• **Exercise**: Could you print all the entries exactly?

• **Records for processing**:
------------------------------------

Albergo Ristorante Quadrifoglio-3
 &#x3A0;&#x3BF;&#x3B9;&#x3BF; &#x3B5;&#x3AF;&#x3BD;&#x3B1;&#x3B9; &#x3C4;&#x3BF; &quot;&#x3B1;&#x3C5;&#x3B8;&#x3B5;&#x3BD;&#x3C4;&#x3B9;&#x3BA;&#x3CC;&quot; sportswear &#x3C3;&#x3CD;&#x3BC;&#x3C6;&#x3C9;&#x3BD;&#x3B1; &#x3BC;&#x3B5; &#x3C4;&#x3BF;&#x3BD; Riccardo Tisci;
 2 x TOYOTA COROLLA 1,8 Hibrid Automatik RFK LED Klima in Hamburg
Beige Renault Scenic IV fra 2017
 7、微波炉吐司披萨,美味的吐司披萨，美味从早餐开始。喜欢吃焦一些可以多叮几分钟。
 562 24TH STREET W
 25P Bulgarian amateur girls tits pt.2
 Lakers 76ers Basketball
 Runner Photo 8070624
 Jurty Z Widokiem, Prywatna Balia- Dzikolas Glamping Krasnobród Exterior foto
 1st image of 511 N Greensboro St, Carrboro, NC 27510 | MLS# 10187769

------------------------------------

• **Final answer**:
Albergo Ristorante Quadrifoglio-3
 &#x3A0;&#x3BF;&#x3B9;&#x3BF; &#x3B5;&#x3AF;&#x3BD;&#x3B1;&#x3B9; &#x3C4;&#x3BF; &quot;&#x3B1;&#x3C5;&#x3B8;&#x3B5;&#x3BD;&#x3C4;&#x3B9;&#x3BA;&#x3CC;&quot; sportswear &#x3C3;&#x3CD;&#x3BC;&#x3C6;&#x3C9;&#x3BD;&#x3B1; &#x3BC;&#x3B5; &#x3C4;&#x3BF;&#x3BD; Riccardo Tisci;
 2 x TOYOTA COROLLA 1,8 Hibrid Automatik RFK LED Klima in Hamburg
Beige Renault Scenic IV fra 2017
 7、微波炉吐司披萨,美味的吐司披萨，美味从早餐开始。喜欢吃焦一些可以多叮几分钟。
 562 24TH STREET W
 25P Bulgarian amateur girls tits pt.2
 Lakers 76ers Basketball
 Runner Photo 8070624
 Jurty Z Widokiem, Prywatna Balia- Dzikolas Glamping Krasnobród Exterior foto
 1st image of 511 N Greensboro St, Carrboro, NC 27510 | MLS# 10187769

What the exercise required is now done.